Poje’s support didn’t end there. He also sat in on phone calls with Katz and provided constructive feedback after every call. Katz was able to use him as a sounding board to confirm whether a deal was progressing well or if he had missed a warning sign. This helped him break some of his bad habits like holding onto customers for too long and assuming he had a deal when he really didn’t.
After months of struggle, Katz had stopped trusting his instincts. Having Poje on hand helped him regain that confidence.
“You can’t do this without a great manager,” Katz said. “If you don’t have somebody in your corner helping you, believing in you and working with you, then it’s impossible.”
While Poje provided the support, Katz still had to be willing to go back to the basics and do the work. His dedication to the process was a big reason he was able to get his career back on track.
“It’s recognizing when you need help and being vulnerable to ask for help,” Katz said. “It’s something I’ve carried with me since. It’s really about owning your own success and development.”
Take a Break
The final step in Katz’s bounce-back was to take care of his emotional health.
While action plans and motivational speeches can help, it doesn’t help if the rep is pressing too hard and burning themselves out.

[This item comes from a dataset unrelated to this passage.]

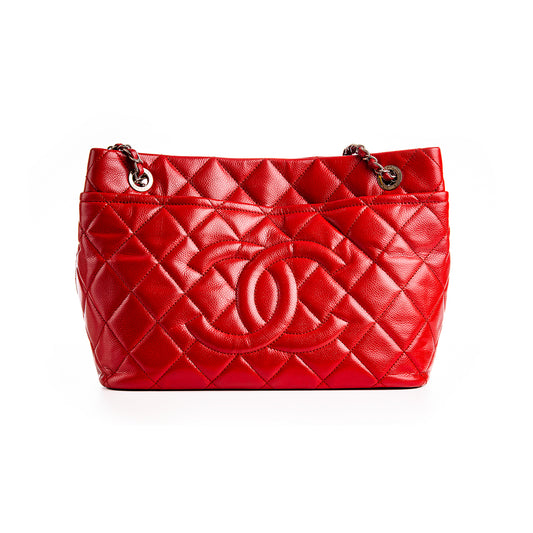 CAVIAR QUILTED TIMELESS CC SOFT TOTE RED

So, Poje made sure Katz was taking care of himself. He’d remind Katz to put down his phone in the evening and go to his yoga class; they set a standing time to step away from the desk to toss a football around outside.
“It’s the balance of not just focusing on one thing, because this job can be all-encompassing.”
The common reaction for most reps during a period of struggle is to keep working harder, but that’s not always the best solution. This experience has taught Katz that it’s OK to step away, reset your mind and take care of your body. In fact, that’s just as important as making phone calls or sending emails.
“It’s the balance of not just focusing on one thing, because this job can be all-encompassing,” he said.
Katz went on to crush his quota the next two quarters and finish the year 20 percent over his annual target.
Whenever he struggles now, he remembers a poem by Andrew Barton that Poje often quoted during their time together:
I am hurt, but I am not slain / I’ll lay me down and bleed a while, / And then I’ll rise and fight again.
Dramatic? Yes. But sometimes, when you’re 20 percent to quota and nothing is working, that’s what you need to hear to keep fighting.